T'(s) = T(s) * (A + B)

but I am very lost as to how to proceed for here. I don't see how the Baker-Hausdorff lemma can be applied to this. I looked online for a derivation of this formula, but they all seemed more complicated than what the problem is asking for, and none of them defined a function like T(s) (that I saw). I think I must be fundamentally misunderstanding something here but I can't figure out what it is. I tried computing T(s) for the case where A, B depend on s, but that just made things more confusing.

 

[nrqed]

Homework Statement

Consider two operators A and B, such that [A,[A, B]] = 0 and [B,[A, B]] = 0 . Show that

Exp(A+B) = Exp(A)Exp(B)Exp(-1/2 [A,B])

Hint: define Exp(As)Exp(Bs) as T(s), where s is a real parameter, differentiate T(s) with respect to s, and express the result in terms of T(s). Then use the Baker-Hausdorff lemma, and finally simply integrate your expression.

Homework Equations

[/B]
Baker-Hausdorff Lemma

e^-B A e^B = A + [B,A] + 1/2! [B,[B,A]] + 1/3! [B,[B,[B,A]]] +...

The Attempt at a Solution

I did what the hint said and took the derivative of T(s)

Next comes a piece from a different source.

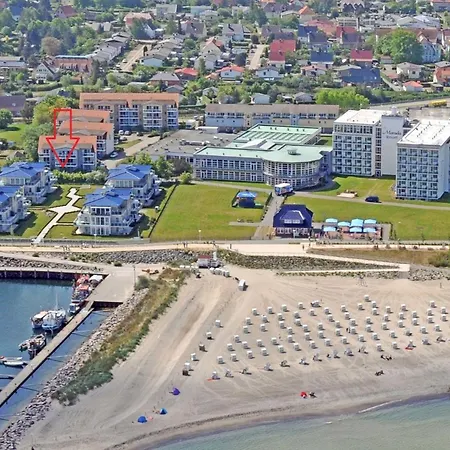 Yachthafenresidenz-wohnung-5104-808 Apartmán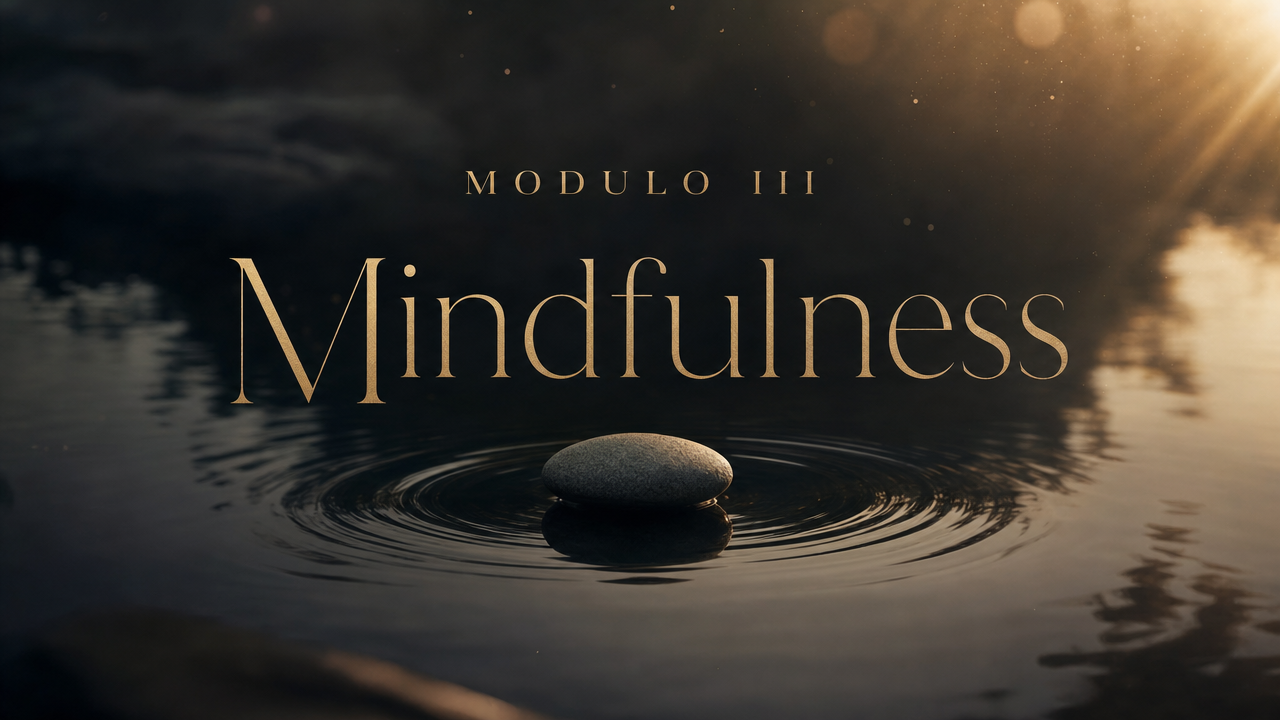 Unidad III — Mindfulness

T'(s) = Exp(A s)Exp(B s) B + Exp(B s)Exp(A s) A

You moved the Exp(As) A to the right of Exp(Bs) which is not allowed if A and B don't commute. Be careful to not switch the order of the A and B operators,

 

[astrocytosis]

I thought an analytic function of an operator returned a function of its eigenvalue so it wouldn't matter... but then how can I write it in terms of T(S)?